ENTRIES PROVIDED.
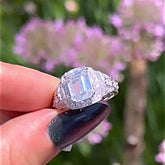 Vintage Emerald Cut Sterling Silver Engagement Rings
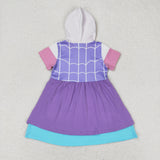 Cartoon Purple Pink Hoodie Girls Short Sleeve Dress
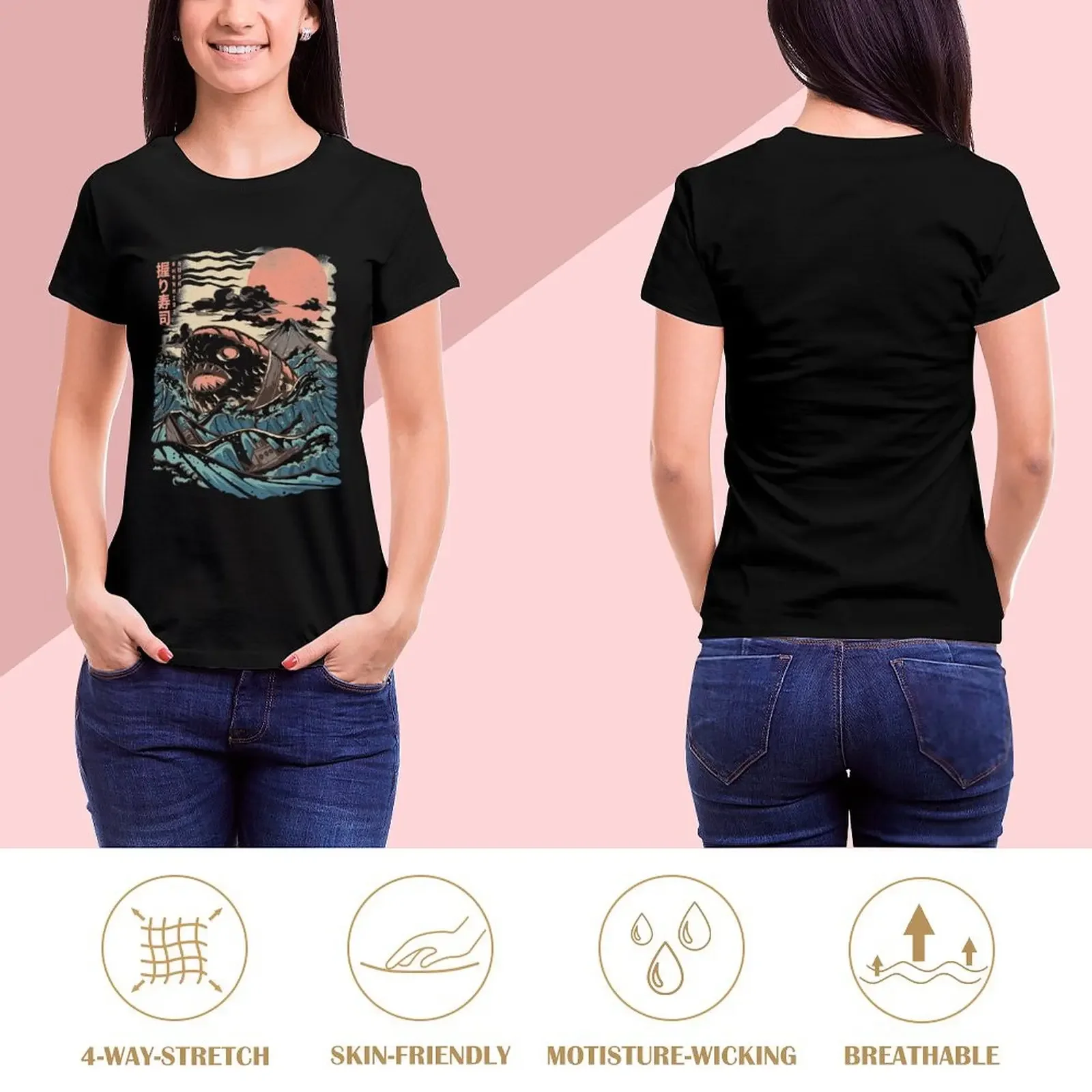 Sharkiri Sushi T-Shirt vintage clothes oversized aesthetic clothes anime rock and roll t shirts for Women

...

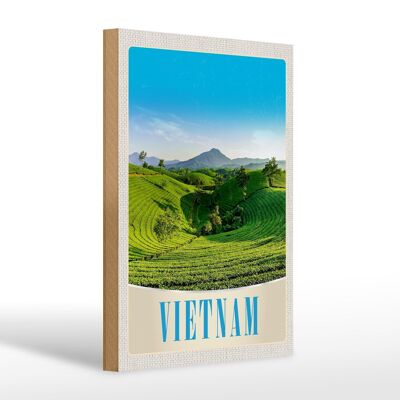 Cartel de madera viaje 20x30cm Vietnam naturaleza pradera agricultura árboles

INSTRUCTIONS FOR THE TASK.
Find the line with "Cartoon Purple Pink" and the line with "Sharkiri Sushi T-Shirt" in the records above. Copy both and all lines between them exactly, without pictures.

REPLY.
 Cartoon Purple Pink Hoodie Girls Short Sleeve Dress
 Sharkiri Sushi T-Shirt vintage clothes oversized aesthetic clothes anime rock and roll t shirts for Women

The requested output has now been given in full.